Our next installment of bad evolutionary arguments comes courtesy of dang near half the commenters in the super-long debate thread in which I've been busily embarrassing the naturalist crowd.
I had asked what commenters' favorite lines of evidence for evolution was. A few responses showed that Hox genes were up there.
I asked neil, who has also done some commenting around here, to "explain how specifically this supports the idea that there *WAS* a common ancestor many billions of yrs ago". He answered:
Because of the pattern of those genes in living organisms. There is a clear predictable pattern of their distribution. Patterns of differences in sequence and duplications are perfectly consistent with what common ancestry predicts.
This is the same pattern repeated for other genes, ERVs, for pseudogenes (found out what they are yet?) etc.
So what's the big deal with Hox genes?
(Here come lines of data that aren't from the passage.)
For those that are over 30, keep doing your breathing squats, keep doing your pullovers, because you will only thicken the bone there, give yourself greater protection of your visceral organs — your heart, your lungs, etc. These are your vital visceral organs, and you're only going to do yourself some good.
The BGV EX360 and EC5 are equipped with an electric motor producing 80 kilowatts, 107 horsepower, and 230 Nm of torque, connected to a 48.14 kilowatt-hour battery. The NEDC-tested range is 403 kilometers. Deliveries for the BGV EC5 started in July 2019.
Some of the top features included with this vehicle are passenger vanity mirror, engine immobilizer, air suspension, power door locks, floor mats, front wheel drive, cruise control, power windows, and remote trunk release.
They "(define) a region or position in the embryo", thus influencing more or less what parts grow where in the developing baby organism.
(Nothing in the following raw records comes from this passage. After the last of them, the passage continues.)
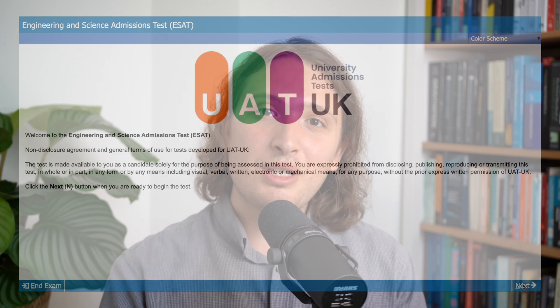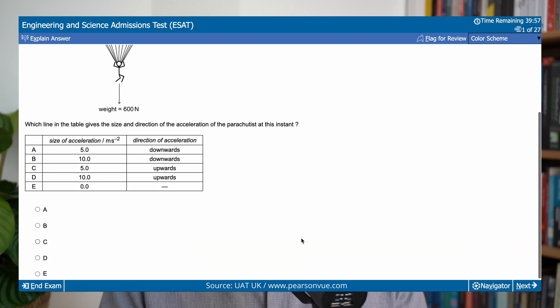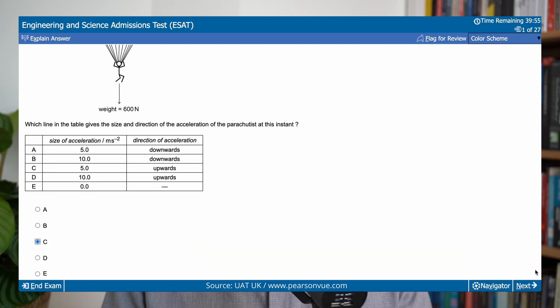The ESAT is administered by UAT UK alongside Pearson VUE. It's a computer-based exam for which you register online and sit the exam at a Pearson VUE test centre. You use a computer interface to input your answers to the multiple choice problems, although you will also have an erasable notebook for writing written workings. There is a fee associated with registering, although in many cases students may be eligible for bursaries.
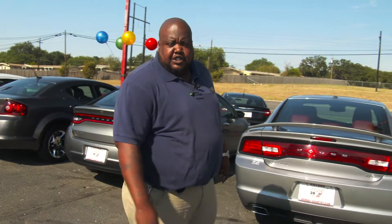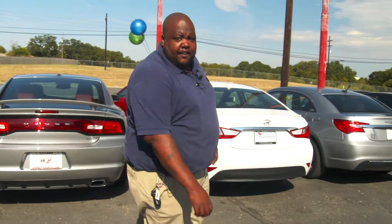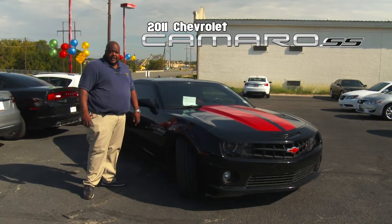Hey guys, it's Thomas Higgs down here at Dodge Country's Used Car, Sport 10 South 400th Street here in Killeen, Texas. If you like speed and you want to look good doing it, I have the deal for you — introducing the 2011 Chevy Camaro SS.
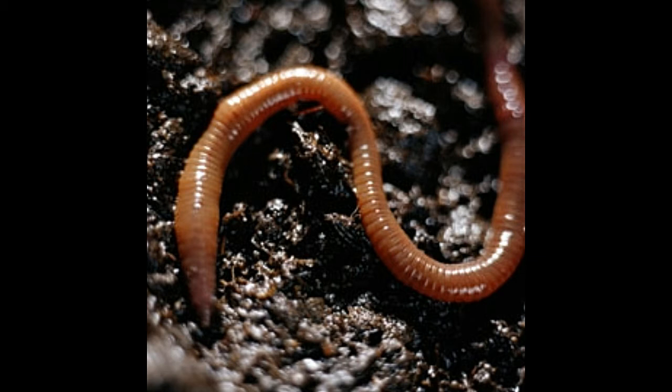Earthworms have a long, tubular body covered with slimy and moist skin. They have many bristles on their body, also known as chaetae or setae, which facilitate their movement. The head and tail look identical with pointed ends.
It's not my intention, nor is it very interesting to me, to re-summarise what Myers said in the linked article, but apparently evolutionists find it very significant that they can exercise their powers of assumption with Hox genes as their foil.
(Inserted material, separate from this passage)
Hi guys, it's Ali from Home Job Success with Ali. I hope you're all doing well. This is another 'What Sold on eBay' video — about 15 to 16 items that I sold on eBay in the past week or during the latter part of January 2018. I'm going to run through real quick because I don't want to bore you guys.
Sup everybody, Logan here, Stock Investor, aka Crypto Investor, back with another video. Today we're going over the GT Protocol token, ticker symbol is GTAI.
Just look at how Myers himself makes the running leap straight into midair:
There are also a few gaps; with duplication comes redundancy, and the possibility of deletion without detriment, and so we also see some examples of culling duplicates in our history.
Speaking of history, one of the things we can do with a phylogenetic analysis of the Hox cluster is see fascinating aspects of our ancient history...The anteriormost and posteriormost genes in the complex are the most different from one another, so we can surmise that they diverged earliest, and have had the most time to accumulate differences.
To repeat, the question at hand here is this: Is the data best explained by the hypothesis that a Designer DID all this, or the hypothesis that unguided natural selection working on random mutations DID all this? We're asking about what happenED. Notice that there is no argument given to take us from Point A to Point B in this.
The fact - Hox genes exist.
The interpretation - They diverged early on.
But what about...?
The interpretation - The Designer made them that way. To almost quote neil, but to go ahead and take him to the logical conclusion he so fears, "Patterns of differences in sequence and duplications are perfectly consistent with what a Designer hypothesis predicts."
Only two answers have been given so far, and I'll discuss the other one in my next BEAR post.
For now, today's answer is perhaps best revealed by neil.
No not with what a designer predicts. Only with what a designer mimicking common descent would predict.
That is precisely the point. Neil here concedes that the data is just as well explained by a Designer.
It looks like it could have evolved. Sure, whatever, fine. A Designer could also have done it. When I ask for proof for evolution in the context of a debate about ID, I'm expecting you to share some of your "mountains of evidence" with me that could not just as easily be evidence for ID. Get to work.